EU-Behörden können zur Zeit weder direkte Steuern erheben noch Kredite aufnehmen, in dem sie z.B. Staatsanleihen auflegen. Die EU-Kommission sucht nach Wegen, dem abzuhelfen, um ihre sozialpolitischen Visionen finanzieren zu können. Ex-Kommissar Mario Monti schlägt „verhaltenslenkende" EU-Steuern vor.

GD/AD – 01/2017

In der gegenwärtigen Phase von nationalen Regierungen provozierter EU-Schwäche und wachsender politischer Ratlosigkeit in strategisch relevanten Schlüsselfragen wie nationalen Schuldenkrisen oder Migration, setzt die Brüsseler Administration erneut auf Bewährtes. Sie braucht mehr Geld und vor allem direkte, möglichst selbst zu kontrollierende Einnahmequellen. Seit Beginn der großen Bankenkrise musste der „Superstaat“ EU erleben, dass ihm eine heute für die politische Existenz bedauerlicherweise wesentliche Eigenschaft fehlt: er darf und kann sich nicht verschulden, so wie es alle anderen tun, um seine Visionen zumindest teilweise in die Wirklichkeit umzusetzen. Schon um das Jahr 2010 war der damalige Finanzkommissar für eine Direktbesteuerung als selbst gestaltbare Einnahmequelle. Dies gehöre, so hieß es schon damals, „irgendwie“ zum Staatssein dazu.  

Die Juncker-Kommission hat Ex-Kommissar Mario Monti beauftragt, Vorschläge zu machen. Wie das „Handelsblatt online“ meldet, empfiehlt der Altkommissar und kurzzeitige italienische Ministerpräsident einen Strauß aus einschlägigen steuerpolitischen Maßnahmen. Darunter vorwiegend solche, denen die „Aura politischer Korrektheit durch Verhaltenslenkung" beiwohnt. Dazu zählen eine CO2-Abgabe, eine weitere Stromsteuer, eine EU-Körperschaftssteuer und der „Uraltwunsch" nach einer Finanztransaktionssteuer. Gerade deren gedanklicher Vorgänger, ein um 2010/2011 hitzig diskutiertes „Wundermittel" zur Abschöpfung aller Orten dringend benötigter Gelder bei „bestimmt ganz Reichen“, wurde mangels mitgliedstaatlicher Unterstützung vor wenigen Monaten erst sang- und klanglos beerdigt. Zwar ist das Stadium der neuen Steueroffensive noch sehr früh und der Zeitpunkt unpassend, jedoch offenbart sich der Leitmotivcharakter des Strebens nach zumindest teilweiser finanzieller Unabhängigkeit von den Mitgliedstaaten.  

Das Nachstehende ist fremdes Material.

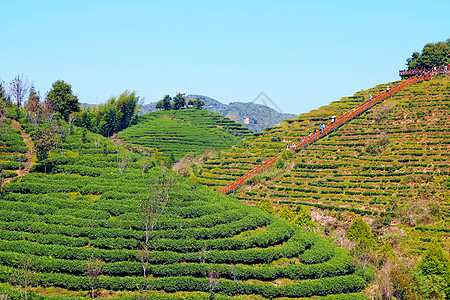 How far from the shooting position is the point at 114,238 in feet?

Auf diese Weise möchte sich die EU-Kommission im Kreise der wachsend überschuldeten Mitgliedstaaten strukturell wirkende Sympathien beschaffen. Geld wird dazu – statt bisheriger vorwiegend verbaler Programme – reichlich benötigt. Mehr vielleicht, als selbst Deutschland im Wahljahr beisteuern möchte. Im Klartext: zusammenbrechende Versorgungswelten in den staatlich finanzierten Gesundheitsdiensten löst man in zwei oder drei Jahren nicht mehr mit einer abstrakten Debatte um „europäische Säulen sozialer Rechte“. Geld fehlt vor Ort, die Schulden wachsen unaufhörlich. Nur exogenes Geld könnte hier „helfen“. Dem ungeachtet würde die reale Version des „harten" Brexit – ein investitionsfreundlicher, entbürokratisierter, britischer Konkurrenzraum vor der EU-Haustür – den Gegensatz zu mehr Bürokratie und Steuern in der EU27 deutlich werden lassen.